In many ways Go is a clean break from our past programming sins, but it feels as though logging is still an area where people cling on to unnecessary practices from other languages.
After realising the logging we were generating from a recent project was unusable (tens of lines per request, many of which either dumped out entire structs or had no usable information), I implemented the following steps.
They've "Worked For Me"™ in a microservice-based architecture serving tens of thousands of computationally-intense requests per second.
1. Your Happy Path is a Metric
The 'Happy' path through your webapp (2xx response) shouldn't have any logging on it. The only things you care about here are how often it was hit and how long it took to serve a response.
2. Throw away Levels
When was the last time you ran Production at anything other than Info? Is changing the level a quick process that everyone on the team knows how to do?

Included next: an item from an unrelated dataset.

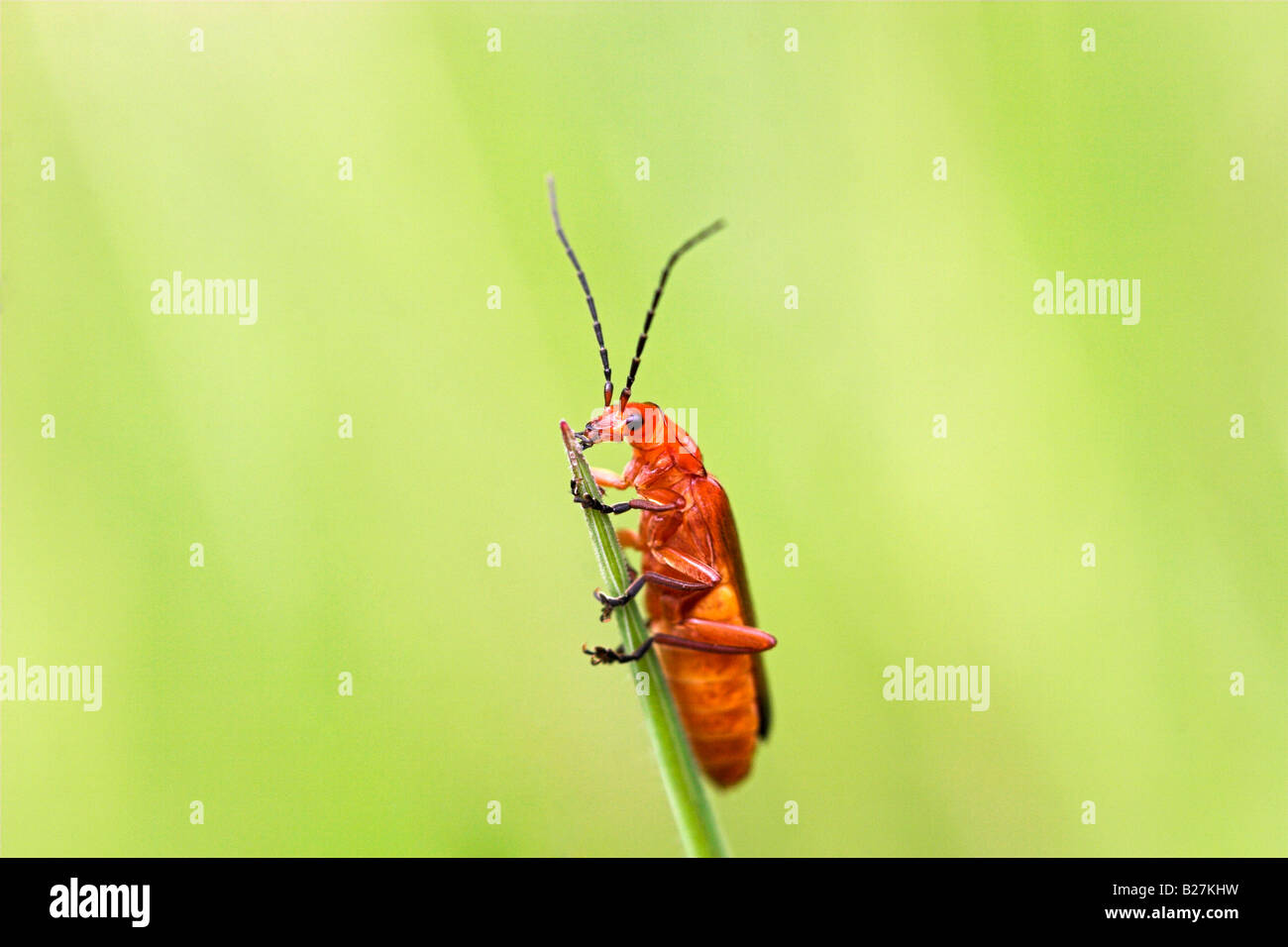 Chiusura del soldato comune Beetle Rhagonycha fulva concentrandosi sulla testa Foto Stock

Despite this, scrapping levels is always the step that people are most uncomfortable with.
In reality, this is how levels are used:
- INFO - This might be useful someday
- WARN - I don't want to think about error handling
- DEBUG - I don't want to think about logging
- ERROR - Something may or may not have gone wrong
But the only reason you're looking at logs in the first place is because something's gone wrong. AKA an error. And so:
Because we're writing webapps, the definition of "something's gone wrong" is "we're returning an HTTP error code". For everything else (e.g retrying failed calls to external APIs), put metrics around it.
3. Log at the edge of your system
Your logging code should live in one place at the edge of your webapp, ideally as a middleware that kicks in just before an error response is returned to the user. You're now free from bloating up your method signatures / structs with loggers.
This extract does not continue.